La manne que constituent les cotisations prélevées sur les salaires est la véritable raison de l’immense intérêt que les groupes financiers du monde entier portent aux systèmes de retraite, car là se trouve la réelle corne d’abondance. L’historien Robin Blackburn l’a énoncé dans l’article majeur qu’il a consacré à l’histoire de la privatisation des retraites : « Mettre la main sur la masse des salaires mondiaux est l’aspiration ultime du capitalisme financier (7). »

 Blackburn revient également sur le rôle joué par M. Lawrence Summers lorsque, économiste en chef de la Banque mondiale, l’homme que M. Barack Obama vient de désigner comme son conseiller économique commanda l’étude qui préconisa la privatisation des régimes de retraite dans tous les pays émergents (8).
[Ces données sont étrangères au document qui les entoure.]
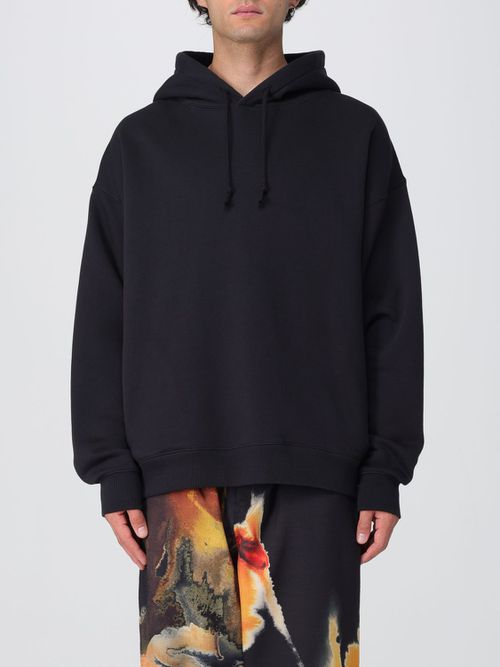 Sweatshirt Men color Black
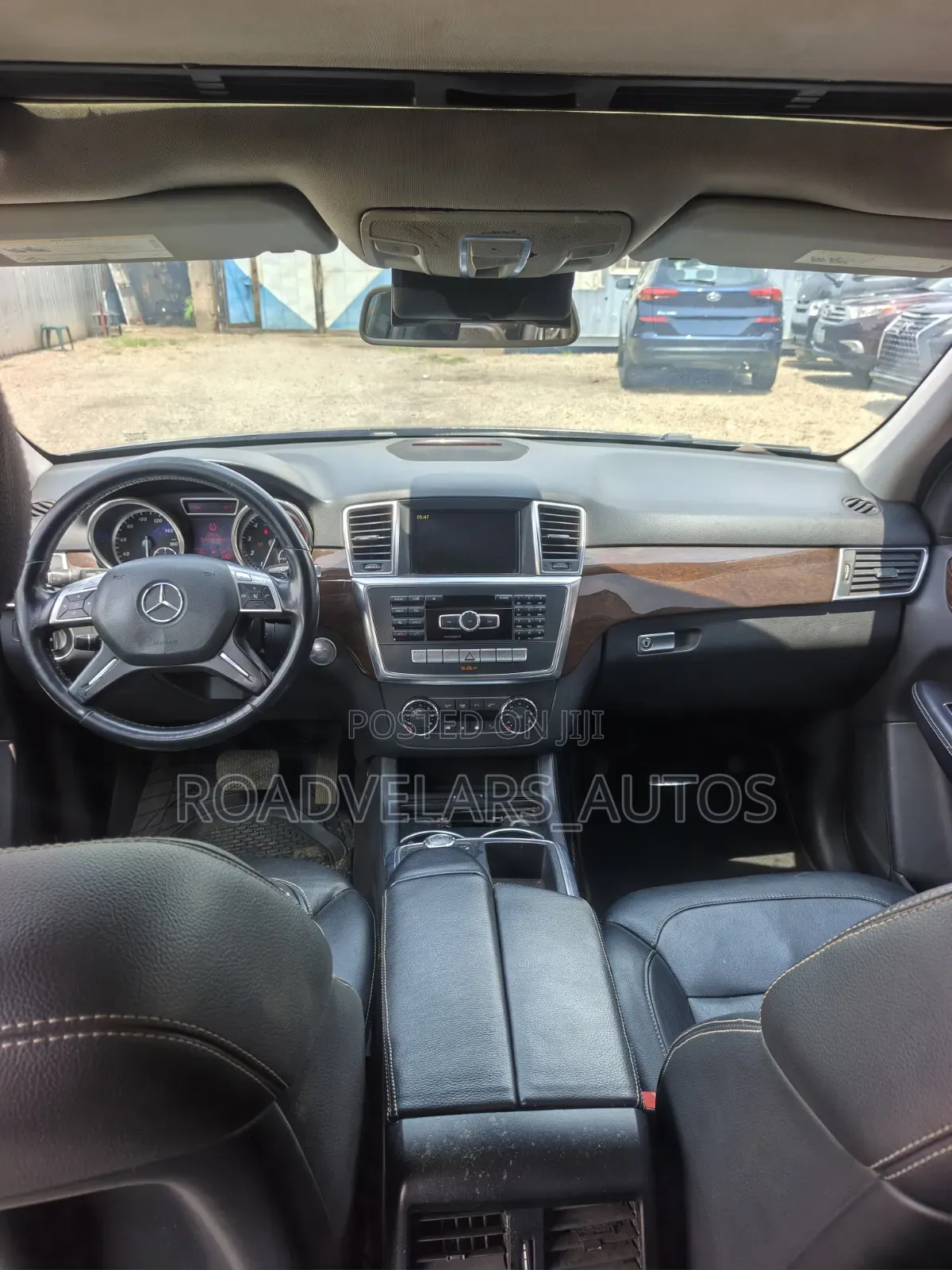 Mercedes-Benz M Class 2012 Black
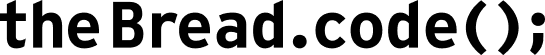 The Bread Code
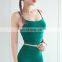 Summer New Side Fold Design Yoga Tank Top Ladies Gym Training Sportswear Sleeveless Vest Women Fitness Clothing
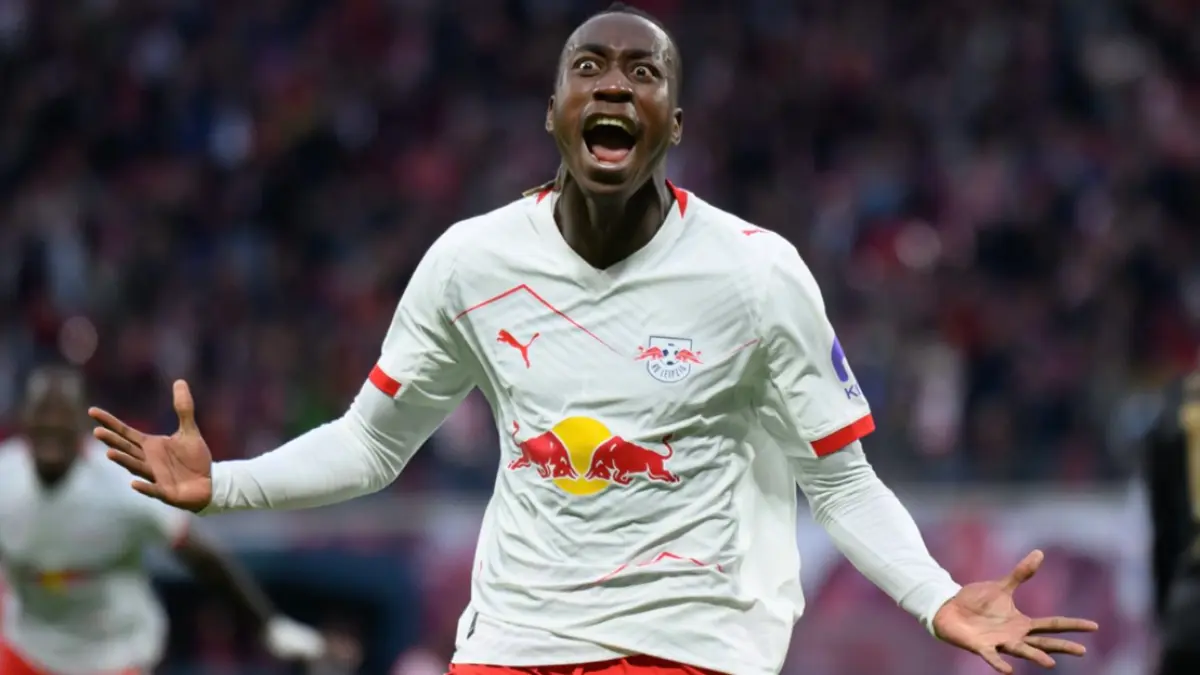 Yan Diomande jadi target utama Liverpool untuk menggantikan Mohamed Salah (INSTAGRAM/@yandiomande)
Même si elle ne fut que partielle, cette privatisation a bien eu lieu dans de nombreux pays. De grandes puissances, comme certains pays européens ou le Brésil, y ont échappé grâce à la résistance de leurs opinions publiques, le Chili demeurant le seul pays à avoir vécu l’expérience pleine et entière.


Mettre la main sur la masse des salaires mondiaux 


Pour paraphraser l’historien Eric Hobsbawm, le capitalisme survivra sans nul doute à cette crise. Pas les AFP. La fin est inévitable pour les AFJP argentines, mais les Administradoras de Fondos para el Retiro (Afore) mexicaines, les Administradoras de Fondos de Ahorro Previsional (AFAP) uruguayennes, les AFP chiliennes, boliviennes ou péruviennes existent encore. Si tous ces fonds subissent le même sort que leurs homologues argentins, des millions de retraités d’Amérique latine et d’ailleurs pourront sans doute respirer un peu mieux.

(1) Cent soixante-deux députés pour, soixante-quinze contre. Le texte a été ratifié par le Sénat, le 20 novembre (quarante-six sénateurs pour, dix-huit contre).


(2) En Argentine, il existe un minimum vieillesse mensuel de 320 pesos (78 euros), auquel s’ajoute 1,5 % du salaire indexé sur les dix dernières années, sur une base minimale de trente ans de cotisation.


(3) Tout salarié a dû obligatoirement s’affilier à un fonds « librement choisi », qu’il peut quitter en emportant son épargne, et auquel il verse au moins 10 % de son salaire plus 2 % de commission pour la gestion du fonds.


(4) Le « succès » du système chilien a poussé sept autres pays d’Amérique latine à lui emboîter le pas : le Pérou (1993), l’Argentine et la Colombie (1994), l’Uruguay (1995), le Mexique, le Salvador et la Bolivie (1997).


(5) L’Etat prend en charge les droits à la retraite acquis avant 1982.


(6) « Resultados para sus afiliados de las AFP y compañías de seguros relacionadas con la previsión. 1982-2006 », Centro de estudios nacionales de desarrollo alternativo (Cenda), Santiago (Chili), mars 2007.


(7) Robin Blackburn, « The global drive to commodity pensions », 2008.


(8) « Adverting the old age crisis. Policies to protect the old and promote growth », Banque mondiale, New York, 1994.